Dataset excerpts:
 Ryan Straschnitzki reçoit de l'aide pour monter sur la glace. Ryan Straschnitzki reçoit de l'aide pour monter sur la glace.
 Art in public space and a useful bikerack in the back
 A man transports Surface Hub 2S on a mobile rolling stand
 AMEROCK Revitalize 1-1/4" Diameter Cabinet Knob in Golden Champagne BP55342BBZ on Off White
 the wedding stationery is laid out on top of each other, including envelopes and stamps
--
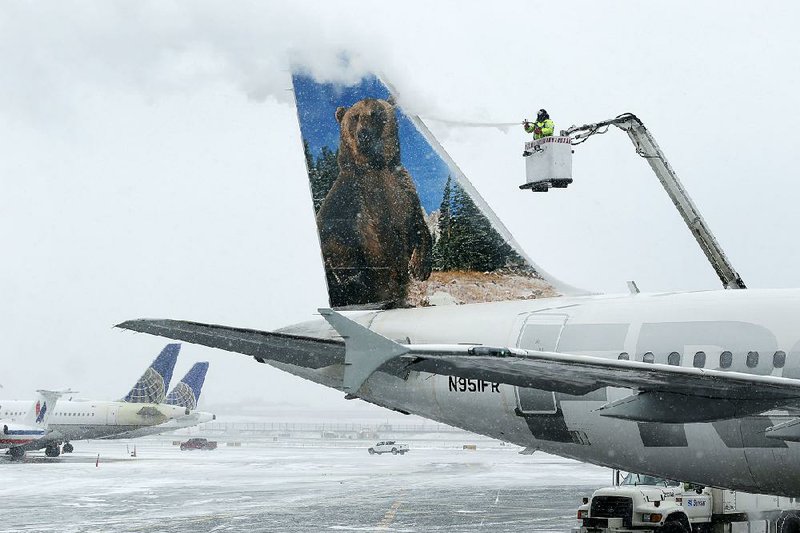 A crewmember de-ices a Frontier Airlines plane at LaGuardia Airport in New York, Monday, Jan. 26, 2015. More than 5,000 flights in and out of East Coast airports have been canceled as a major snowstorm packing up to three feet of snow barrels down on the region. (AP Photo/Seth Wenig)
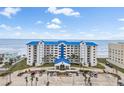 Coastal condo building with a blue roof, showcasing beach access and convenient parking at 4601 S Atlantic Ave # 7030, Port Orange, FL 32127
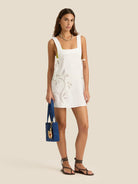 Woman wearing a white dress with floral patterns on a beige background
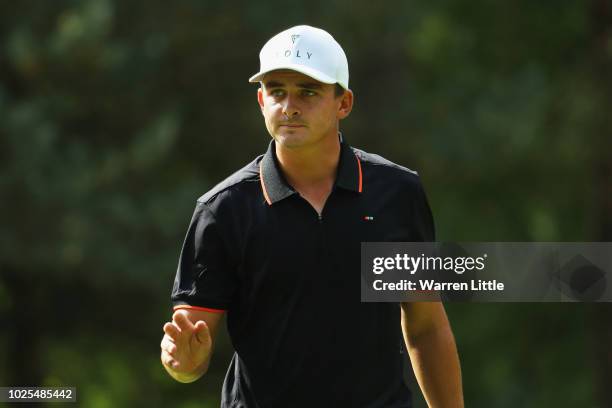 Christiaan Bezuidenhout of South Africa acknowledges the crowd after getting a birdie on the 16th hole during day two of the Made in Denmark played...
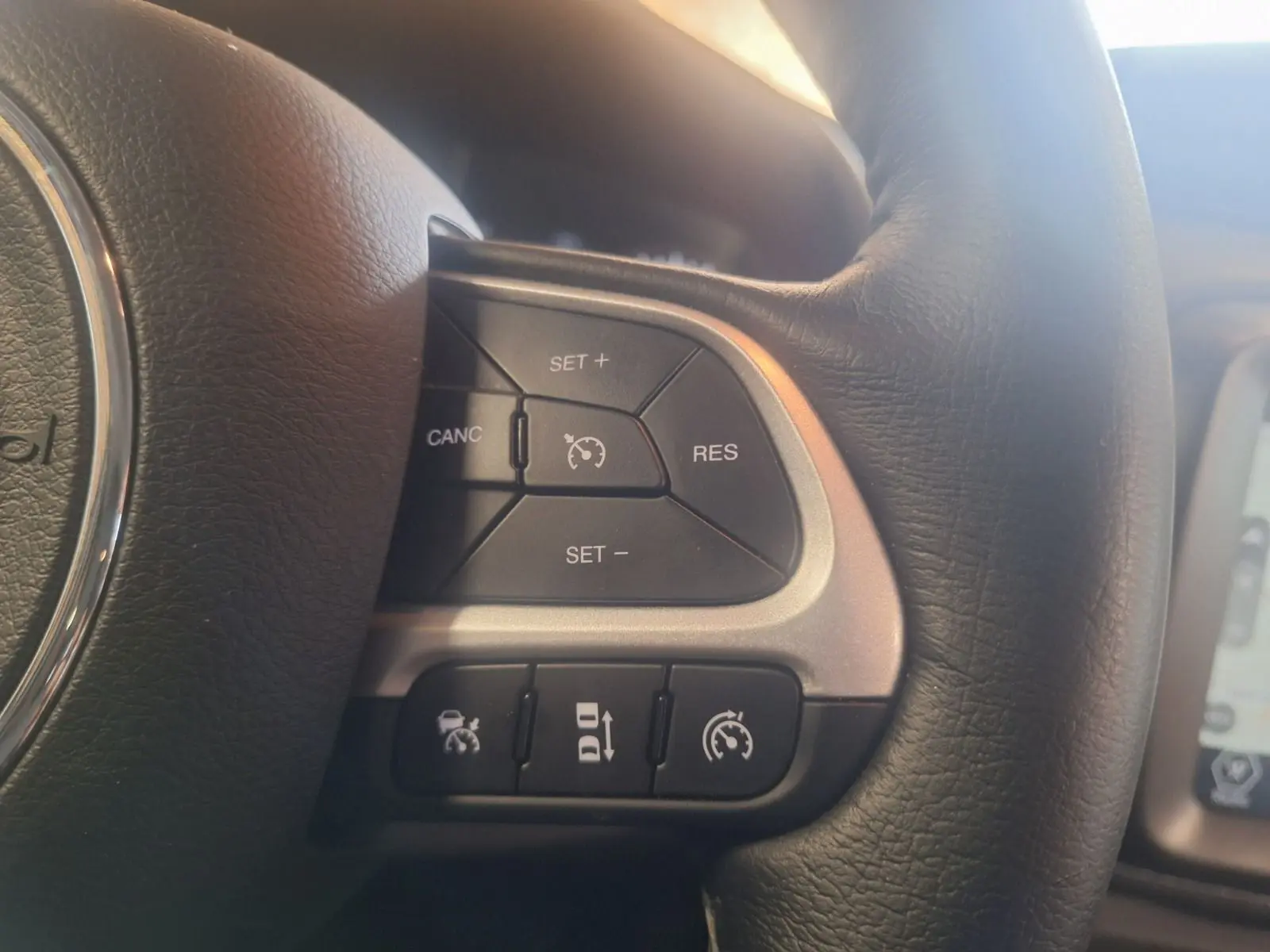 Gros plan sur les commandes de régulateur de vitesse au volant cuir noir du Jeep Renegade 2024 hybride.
---
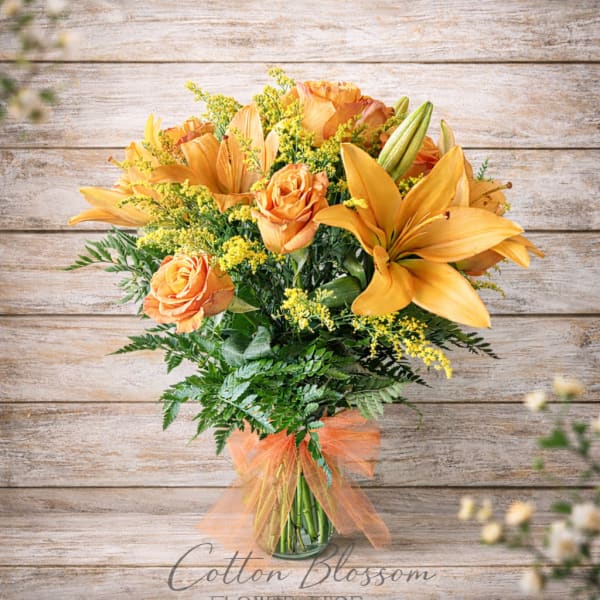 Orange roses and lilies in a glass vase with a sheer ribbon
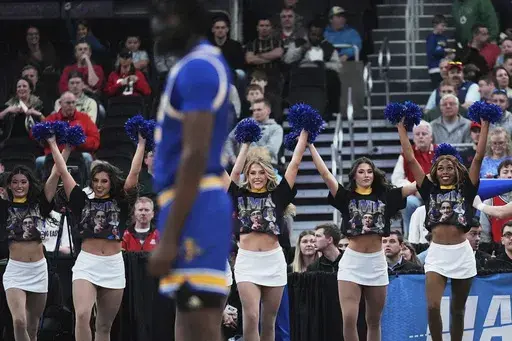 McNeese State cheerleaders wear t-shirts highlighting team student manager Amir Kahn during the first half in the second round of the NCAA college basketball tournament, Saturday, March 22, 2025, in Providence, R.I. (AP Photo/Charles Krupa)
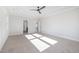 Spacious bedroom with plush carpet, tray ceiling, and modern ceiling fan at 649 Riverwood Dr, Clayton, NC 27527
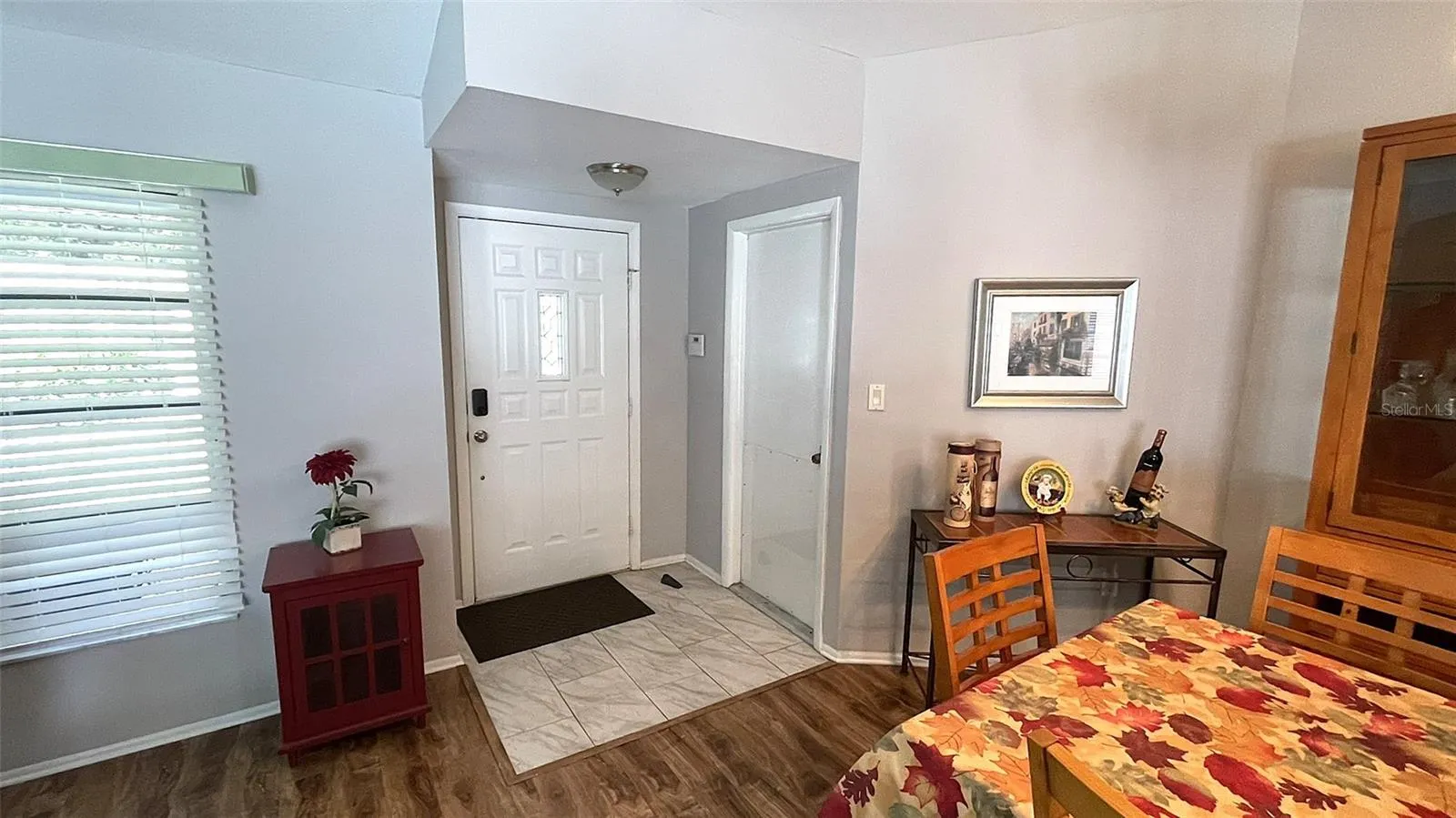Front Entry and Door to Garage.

Task objective:
Give back, exactly as written, the stretch from the line with "Art in public" through the line with "the wedding stationery", and no other lines from the records above.

Answer box:
 Art in public space and a useful bikerack in the back
 A man transports Surface Hub 2S on a mobile rolling stand
 AMEROCK Revitalize 1-1/4" Diameter Cabinet Knob in Golden Champagne BP55342BBZ on Off White
 the wedding stationery is laid out on top of each other, including envelopes and stamps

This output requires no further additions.